> _What to do_:
Starting at the line that contains "GOBELETS À FRITES" and stopping after the line that contains "Classical roman ruins: black", transcribe the listing below exactly; do not include any pictures.

> _Provided data_:

-------------------------

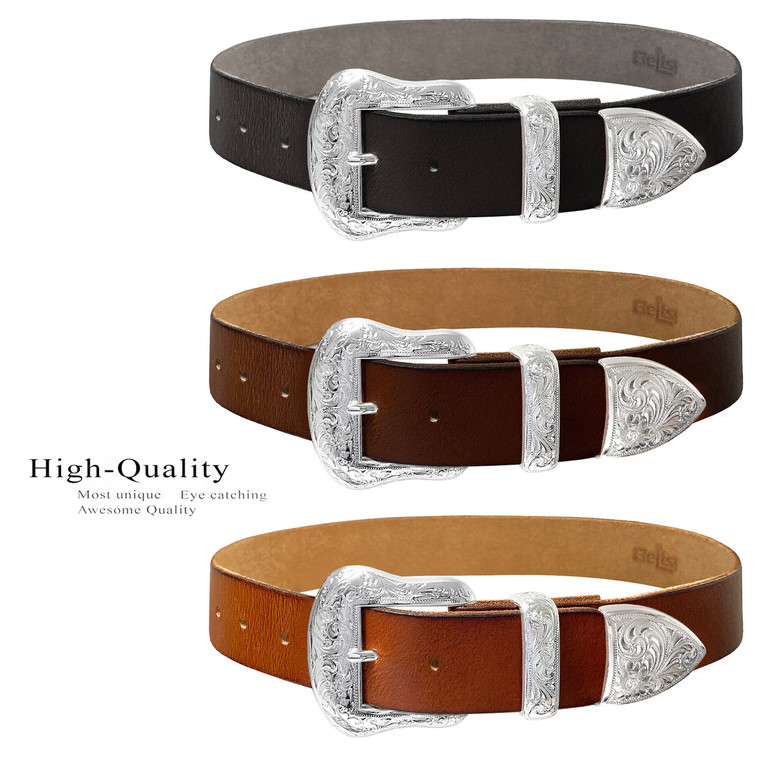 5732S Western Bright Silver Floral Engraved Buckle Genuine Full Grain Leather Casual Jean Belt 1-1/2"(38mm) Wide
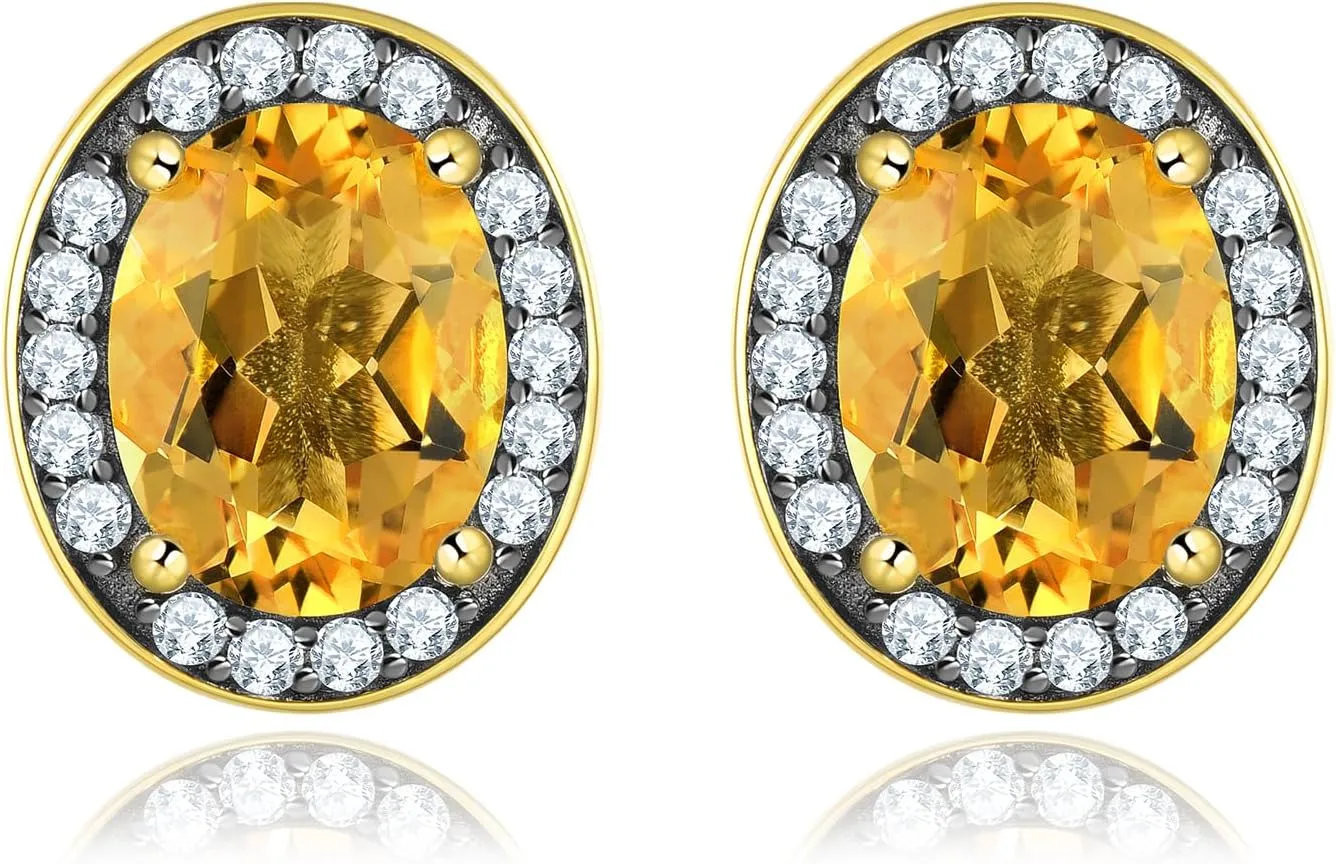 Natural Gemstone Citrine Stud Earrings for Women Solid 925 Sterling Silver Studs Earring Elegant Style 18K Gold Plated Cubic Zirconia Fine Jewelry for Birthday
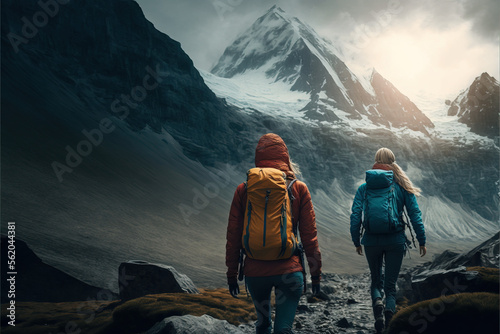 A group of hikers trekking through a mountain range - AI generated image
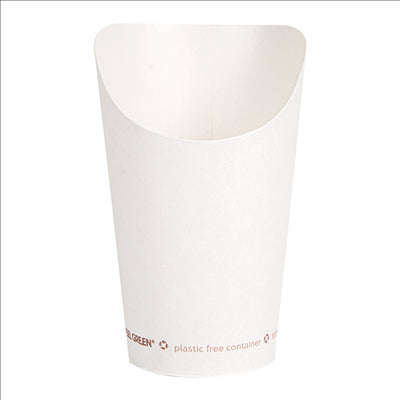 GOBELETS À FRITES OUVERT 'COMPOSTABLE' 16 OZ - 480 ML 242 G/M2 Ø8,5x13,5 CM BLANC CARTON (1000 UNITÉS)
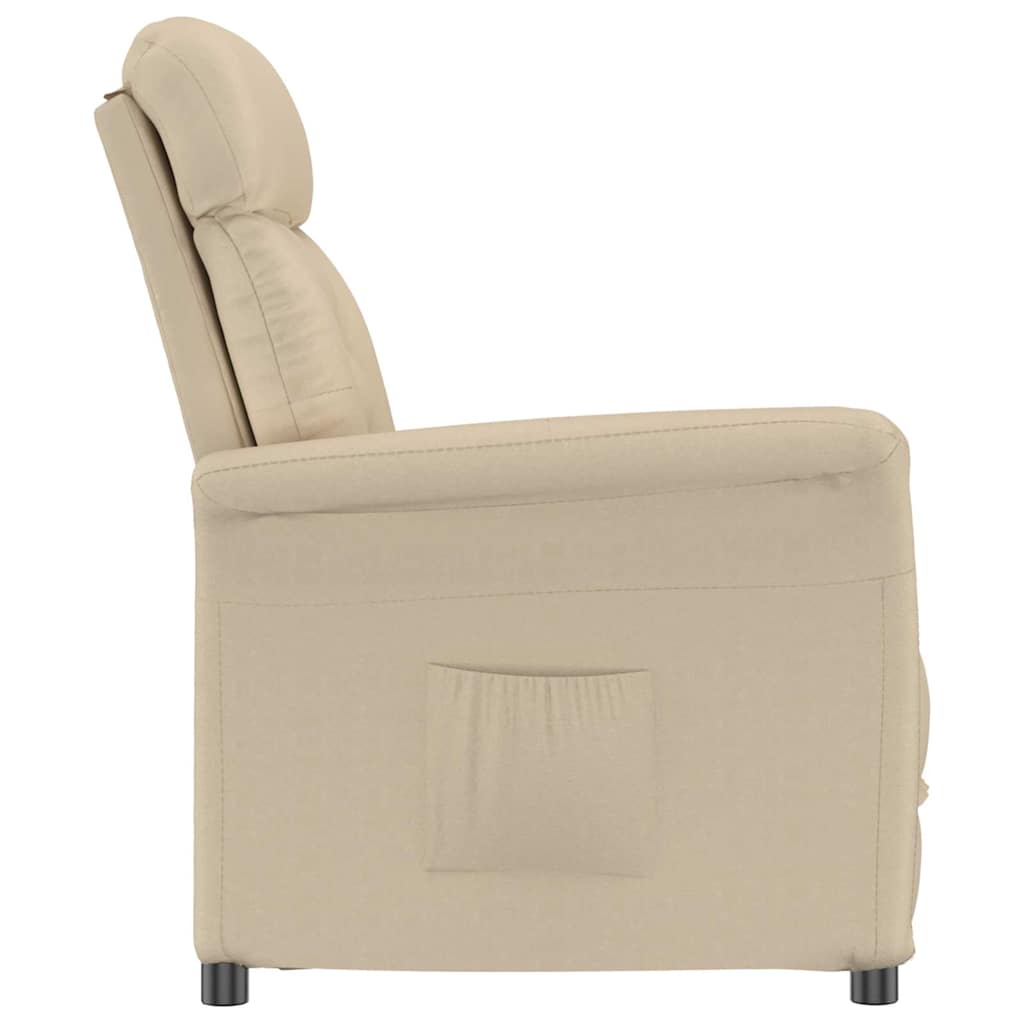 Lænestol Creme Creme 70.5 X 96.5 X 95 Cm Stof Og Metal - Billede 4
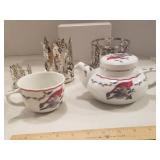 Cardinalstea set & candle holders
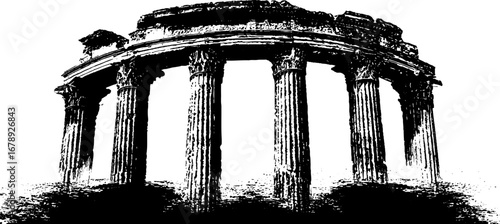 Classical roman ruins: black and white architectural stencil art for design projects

-------------------------

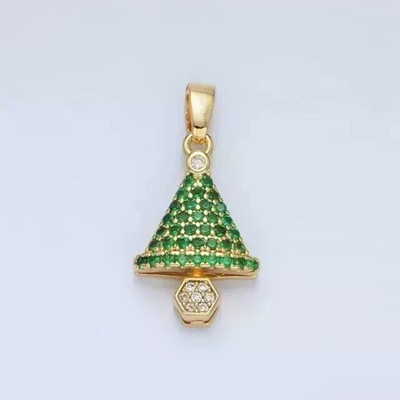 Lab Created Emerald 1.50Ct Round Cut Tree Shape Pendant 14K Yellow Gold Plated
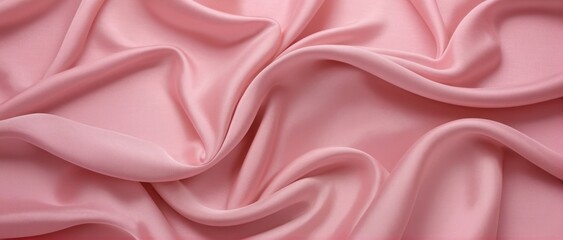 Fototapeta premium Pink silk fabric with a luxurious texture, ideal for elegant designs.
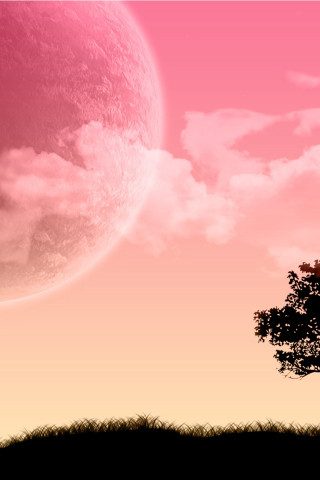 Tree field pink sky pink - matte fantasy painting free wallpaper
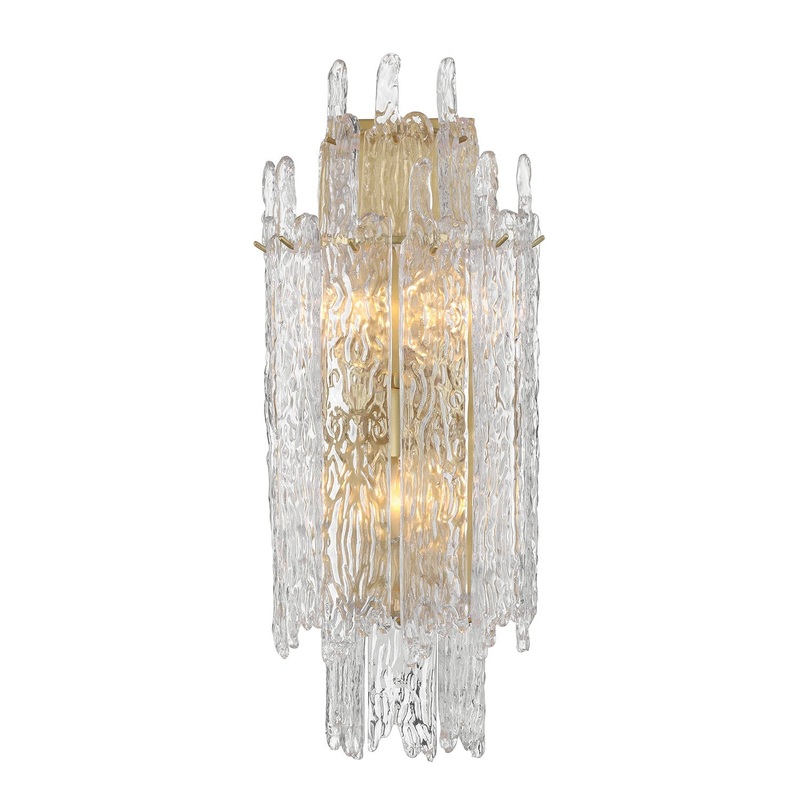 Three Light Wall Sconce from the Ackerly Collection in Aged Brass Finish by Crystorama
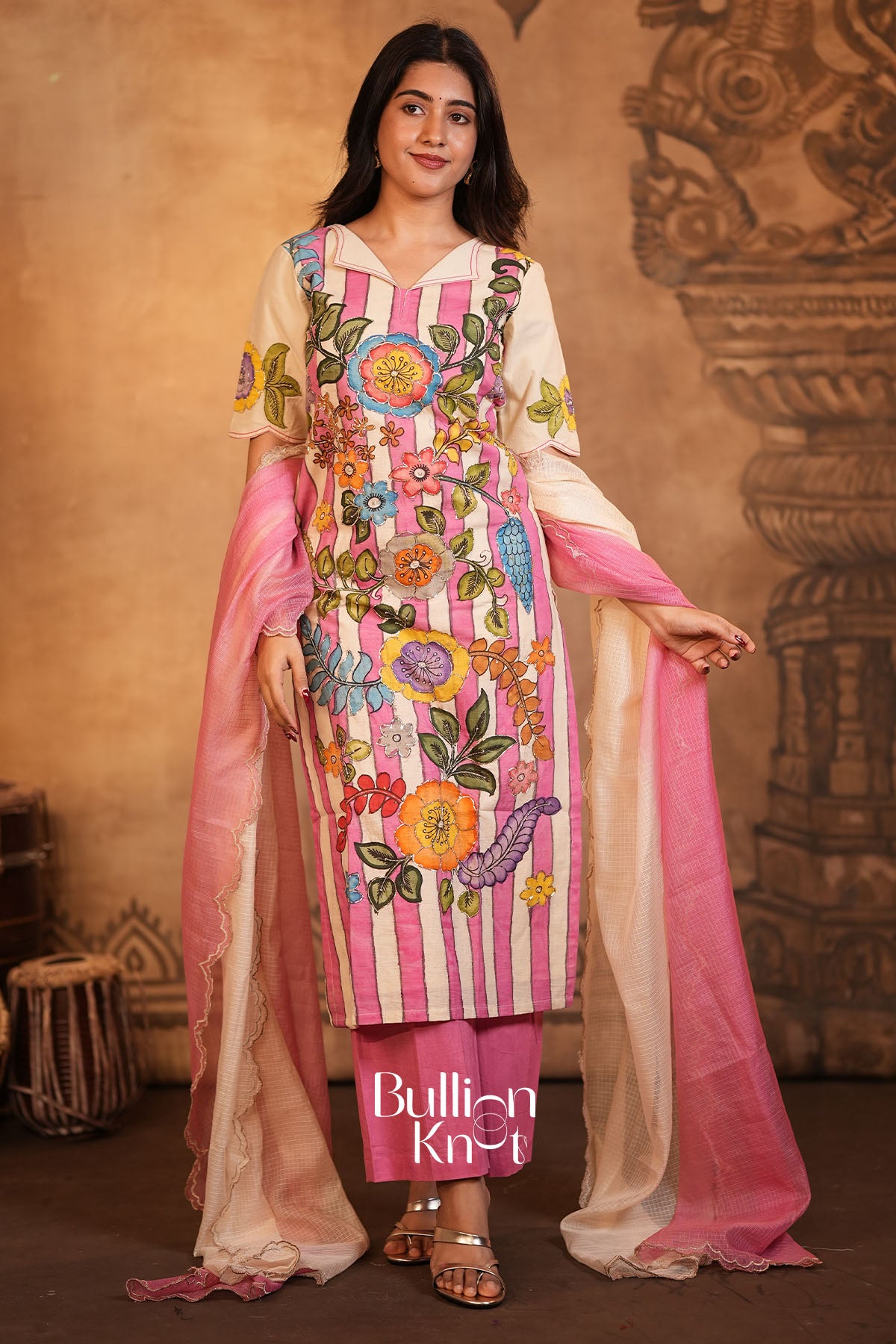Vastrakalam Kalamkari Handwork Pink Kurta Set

-------------------------

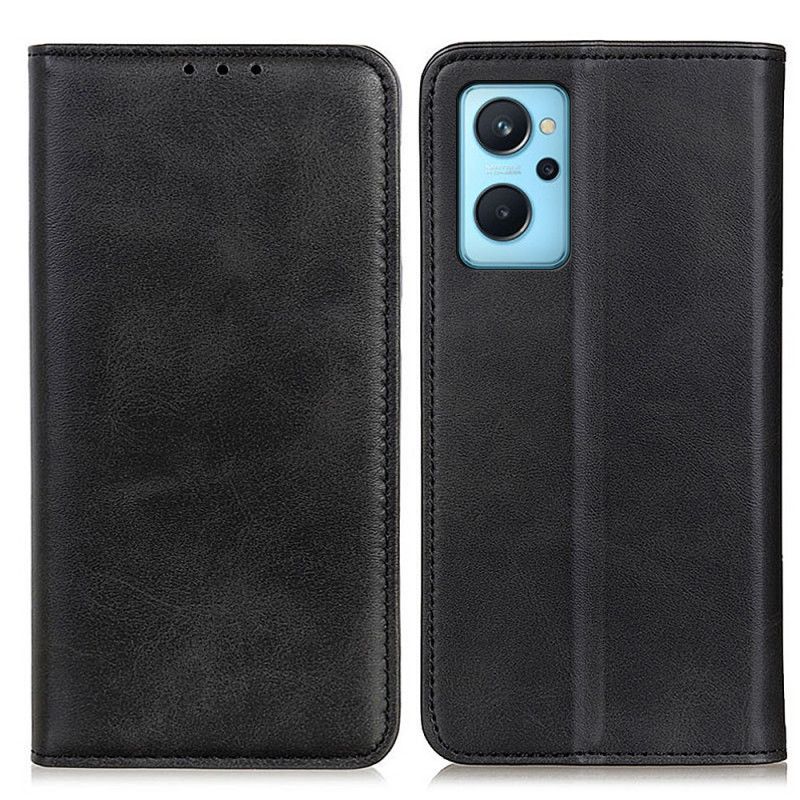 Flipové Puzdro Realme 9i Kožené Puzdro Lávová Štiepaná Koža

-------------------------

> _The answer_:
 GOBELETS À FRITES OUVERT 'COMPOSTABLE' 16 OZ - 480 ML 242 G/M2 Ø8,5x13,5 CM BLANC CARTON (1000 UNITÉS)
 Lænestol Creme Creme 70.5 X 96.5 X 95 Cm Stof Og Metal - Billede 4
 Cardinalstea set & candle holders
 Classical roman ruins: black and white architectural stencil art for design projects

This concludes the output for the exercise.